To understand the faunal and environmental spatial structure across the intertidal zone (i.e. the grouping of similar samples), cluster analysis and non-metric multidimensional scaling (MDS) were applied to similarity and distance matrices. Faunal analyses were carried out with Bray-Curtis similarity matrices (Clarke and Warwick 1994). Environmental analyses were based on Euclidean distances after normalization (x-mean/SD). Clusters were constructed using a hierarchical agglomerative method with group average linkage (Clarke and Warwick 1994). Similarity profiles were used a posteriori to determine the statistical significance of each split in the dendrogram using a permutation technique under the null hypothesis of no inherent structure among samples (Clarke et al. 2008).

To assess the relationships between multivariate environmental (i.e. mean grain size, organic matter and chlorophyll density) and biotic (i.e. genus abundance) data, we used RELATE analysis, which conducts a Spearman’s ranked correlation between the two similarity matrices (biotic and abiotic).
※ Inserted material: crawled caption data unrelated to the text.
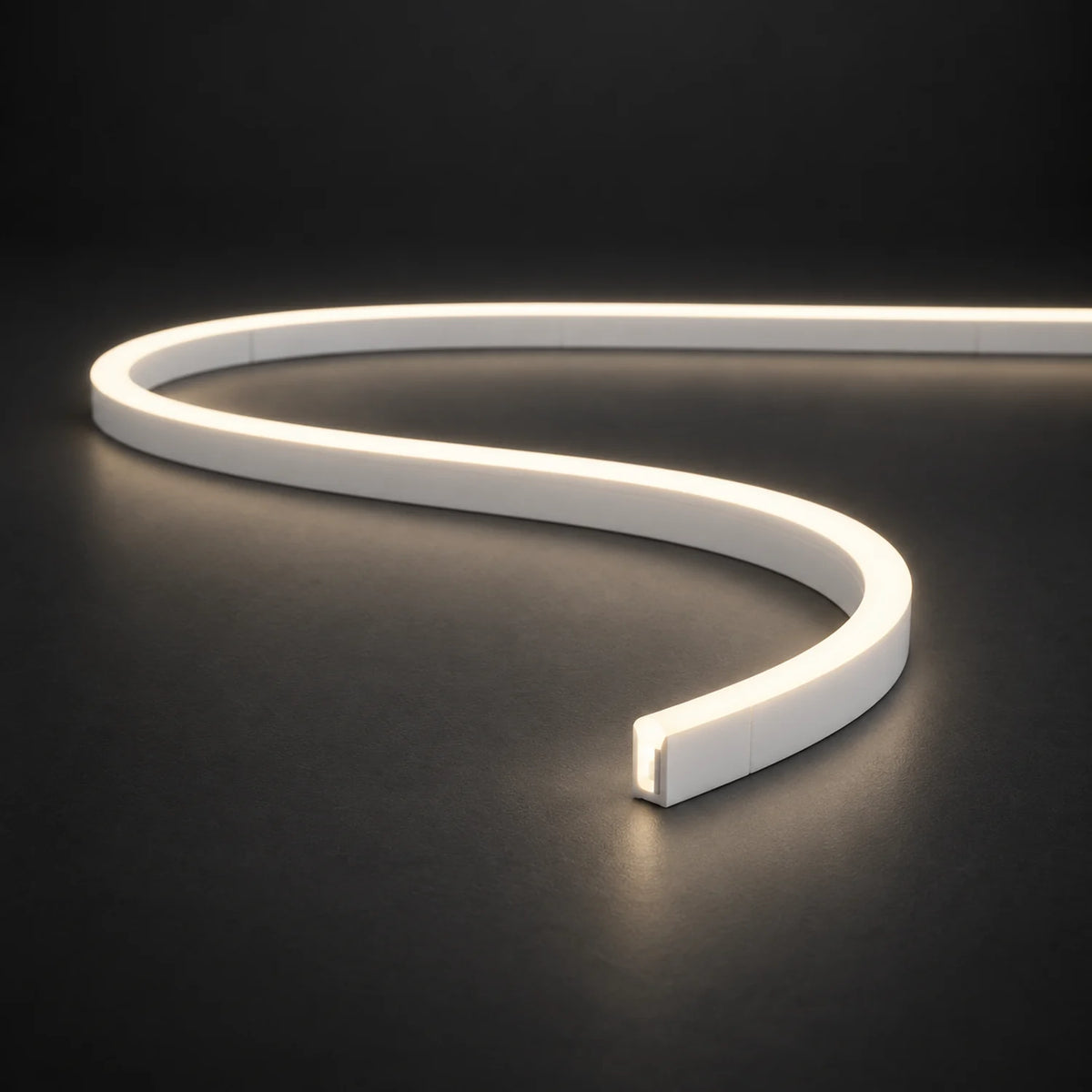 Natural White 4000K 6x12mm 12V IP65 LED neon flex with a domed luminous top in an S-curve on dark charcoal.
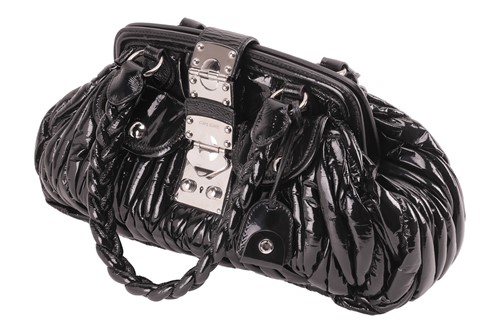 Lot 346 - Miu Miu - a Matelasse hobo bag in black patent...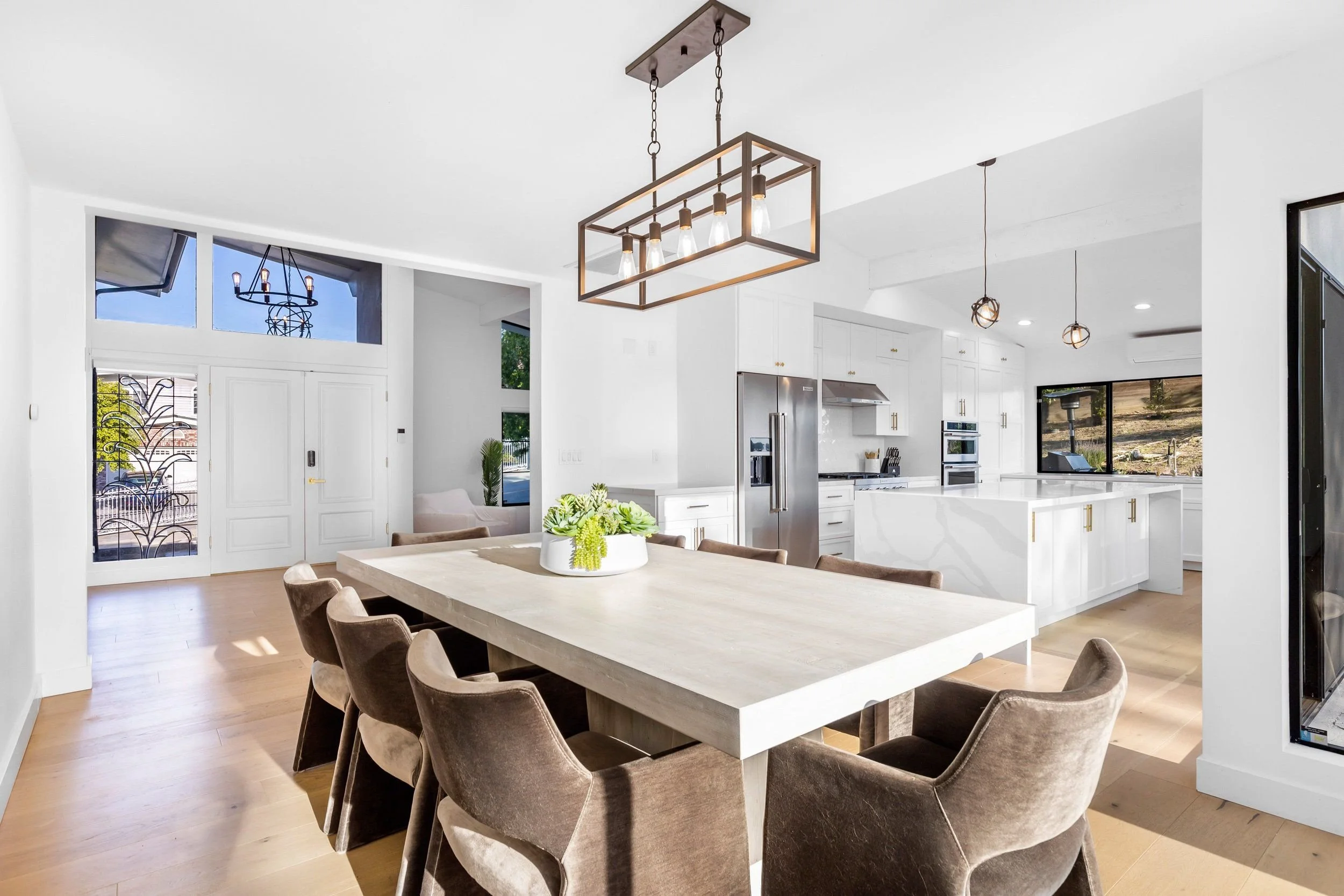 A modern open-concept kitchen and dining area with a large wooden table surrounded by brown upholstered chairs, white cabinets, stainless steel appliances, and contemporary pendant lighting fixtures.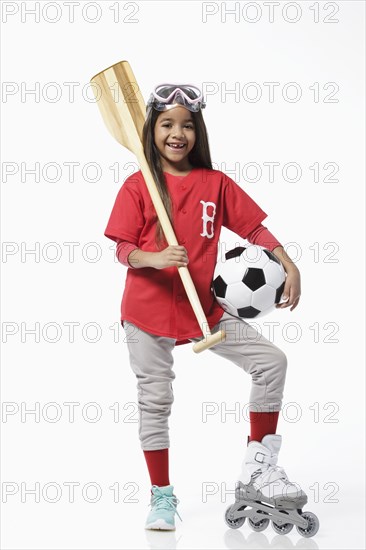 Girl dressed in baseball uniform holding sports equipment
To determine if environmental variables changed gradually across shore, we correlated them with station numbers, as a proxy for position along the intertidal. To evaluate which environmental variables were defining community structure in different regions of the intertidal, we used the linkage tree (LINKTREE) routine, which maximizes the R statistic at each split of the community matrix in concordance with differences in underlying environmental parameters (Clarke et al. 2008; Clarke and Warwick 1994).

To explore abundance and community structure in terms of taxonomic and functional diversity we calculated the genus richness (S), Shannon Wiener (H′) index and the Index of Trophic Diversity (presented as ITD−1 henceforth) modified from Heip et al. (1985), applying the formula 1/Σθ2, where θ is the fraction of each of the four functional groups. It ranges from 1 (when one functional group contributes 100% and functional diversity is lowest) to 4 (when each functional group contributes 25% and functional diversity is highest). The ITD is based on Wieser’s (1953) classification. Nematode genera are grouped into four feeding types: 1A Selective deposit and bacteria feeders with unarmed, small buccal cavity, 1B non-selective deposit feeders with unarmed wide buccal cavity, 2A Epistratum feeders, herbivorous and bacterivorous species with lightly armed small buccal cavity, and 2B carnivores and omnivores with wide armed buccal cavities.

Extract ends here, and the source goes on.